Musicophilia
Page 28
Finally, Levitin, Bellugi, and others turned to investigating the functional correlates of musicality in Williams syndrome. Were the musicality and the emotional response to music in those with Williams syndrome, they wondered, subserved by the same sort of neurofunctional architecture as that in normal subjects or in professional musicians? They played a variety of music, from Bach cantatas to Strauss waltzes, to all three groups, and it was evident from brain imaging that people with Williams syndrome processed the music very differently from the others. They employed a much wider set of neural structures to perceive and respond to music, including regions of the cerebellum, brain stem, and amygdala which are scarcely activated at all in normal subjects. This very extensive brain activation, particularly of the amygdala, seemed to go with their almost helpless attraction to music and their sometimes overwhelming emotional reactions to it.
All of these studies, Bellugi feels, suggest that “the brains of Williams syndrome individuals are organized differently from normals, at both a macro and a micro level.” The very distinctive mental and emotional characteristics of people with Williams syndrome are reflected, very precisely and beautifully, in the peculiarities of their brains. Though this study of the neural basis of Williams syndrome is far from complete, it has nonetheless already made possible the most extensive correlation ever made between a multitude of mental and behavioral characteristics and their cerebral basis.
In people with Williams syndrome, it is now known, there is a “microdeletion” of fifteen to twenty-five genes on one chromosome. The deletion of this tiny gene cluster (less than a thousandth part of the twenty-five thousand or so genes in the human genome) is responsible for all of the features of Williams syndrome: the abnormalities of the heart and blood vessels (which have insufficient elastin); the unusual facial and bony features; and, not least, the unusual development of the brain— so well developed in some ways, so underdeveloped in others— which underlies the unique cognitive and personality profile of those with Williams.

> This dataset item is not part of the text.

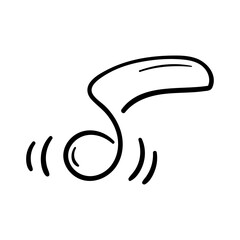 Musical note vector icon in doodle style. Symbol in simple design. Cartoon object hand drawn isolated on white background.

More recent research has suggested differentiation within this gene cluster, but the most tantalizing part of the puzzle still eludes us. We think we know which genes are responsible for some of the cognitive deficits of Williams syndrome (such as the lack of visuospatial sense), but we do not know how such a deletion of genes can give rise to the special gifts of people with Williams syndrome. It is not even certain that these have a direct genetic basis; it is possible, for example, that some of these skills are simply spared by the vicissitudes of brain development in Williams syndrome, or that they may arise as a sort of compensation for the relative lack of other functions.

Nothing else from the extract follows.